French jewellery maison Van Cleef & Arpels’ heritage exhibition in Seoul is an astounding display of history and creativity. Spanning five months, the exhibition brings together over 300 pieces from the jeweller’s archives. Zaneta Cheng reports

Walking into the first floor of the Van Cleef & Arpels: Time, Nature, Love exhibition, one is bathed in soft green and blue light, emitting from curved walls. Set in D Museum in Seoul, the exhibition is an ode to the extensive archive of patrimonial pieces from the high jewellery maison. Over 300 jewellery creations, watches and precious objects produced by the Parisian jeweller since it was founded in 1906 are separated into different concepts which Alba Cappellieri, curator of the exhibition, drew from Italian writer Italo Calvino’s Six Memos for the Next Millennium.

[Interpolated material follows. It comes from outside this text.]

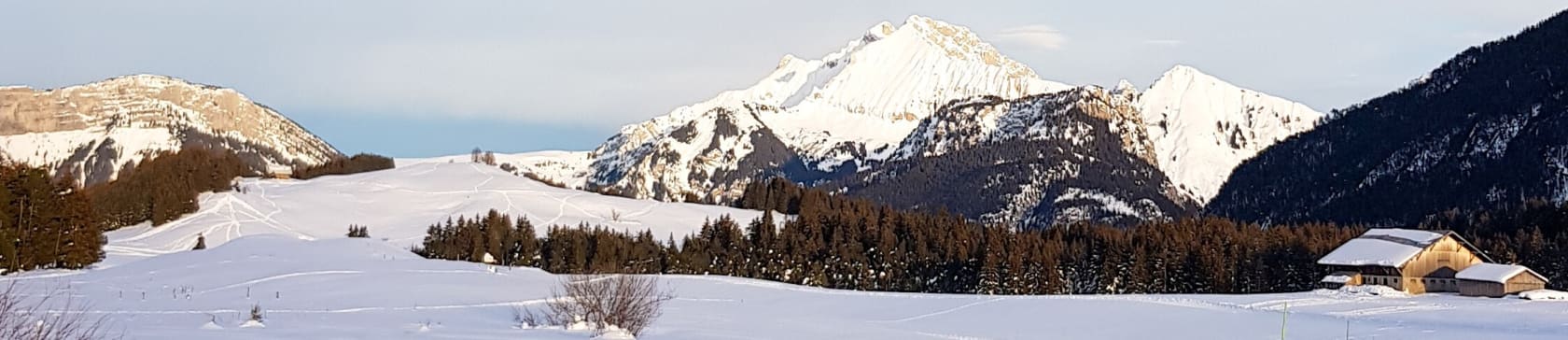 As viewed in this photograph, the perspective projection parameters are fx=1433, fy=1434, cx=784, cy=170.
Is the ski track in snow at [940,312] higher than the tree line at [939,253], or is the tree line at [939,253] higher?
the tree line at [939,253]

The first is Time, which Cappellieri separates into 10 sections – first Paris, then Elsewhere, and then Intersection with Fashion, Dance and Architecture, which speaks to the context in which Van Cleef &
Arpels was designing – from post-war, patriotic pins and cigarette cases to sizeable necklaces in white gold, emeralds, rubellites, spinels, onyx and diamonds inspired by the heat and decadence of equatorial night. There are eagles and totem pole brooches decorated with multicoloured jewels, inspired by Native American tradition as well as antelope and panthers all encrusted in diamonds and gold, taken from the savannahs of Africa. There are enough pieces in the Elsewhere section inspired by ancient capitals of Eastern civilisations that pack a punch. Take the sapphire- and emerald-encrusted peacock with a yellow diamond of massive proportions dangling from its beak.

Dance is probably one of the more notable sections with decorative ballerina pins that have become a signature of the house’s creations. A single upturned pear-shape diamond forms the ballerina’s face, while a cornucopia of jewels then make up the rest of the dancing figure. Fashion, meanwhile, sees larger, more flamboyant pieces – those with big jewels that elicit oohs and aahs.

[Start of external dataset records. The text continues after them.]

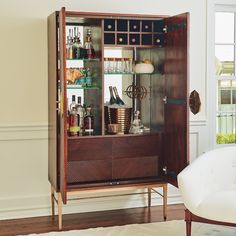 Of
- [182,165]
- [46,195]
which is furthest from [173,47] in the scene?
[46,195]

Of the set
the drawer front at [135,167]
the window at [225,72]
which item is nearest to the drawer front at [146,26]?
the window at [225,72]

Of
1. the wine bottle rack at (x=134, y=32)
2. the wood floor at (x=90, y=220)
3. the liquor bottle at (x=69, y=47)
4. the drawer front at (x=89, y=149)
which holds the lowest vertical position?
the wood floor at (x=90, y=220)

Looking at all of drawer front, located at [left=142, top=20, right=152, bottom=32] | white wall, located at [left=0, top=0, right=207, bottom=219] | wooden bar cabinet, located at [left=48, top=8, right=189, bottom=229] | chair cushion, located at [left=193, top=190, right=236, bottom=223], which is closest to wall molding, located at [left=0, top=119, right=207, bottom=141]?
white wall, located at [left=0, top=0, right=207, bottom=219]

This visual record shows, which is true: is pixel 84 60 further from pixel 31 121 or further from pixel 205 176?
pixel 205 176

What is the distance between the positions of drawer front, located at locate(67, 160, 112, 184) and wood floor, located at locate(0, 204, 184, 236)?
0.42 m

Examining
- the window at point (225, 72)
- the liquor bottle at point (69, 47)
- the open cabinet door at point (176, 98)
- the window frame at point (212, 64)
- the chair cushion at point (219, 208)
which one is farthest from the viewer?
the window at point (225, 72)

There are also the five values cited by Calvino: lightness, quickness, visibility, exactitude and multiplicity, which work well to showcase the impeccable quality of the pieces created by the French jewellery house. Platinum and diamond pieces are the focus of lightness, which showcases Art Deco style with curled necklaces and chokers with cascading diamonds. Quickness is a showcase of ornate and intricate timepieces produced by Van Cleef & Arpels with secret jewellery, pocket watches, and travel and handbag watches on display. Some are simpler while others are finished with lapis lazuli edges, crusted with pavé diamonds in intricate Art Deco shapes, or in gold and rubies and diamonds. Exactitude is a display of the jewellery maison’s intricate Mystery setting while Multiplicity presents the its collection of precious objects. Visibility is, again, a selection of showstoppers with intricate designs that fuse together each precious gemstone to create a jaw-dropping final piece.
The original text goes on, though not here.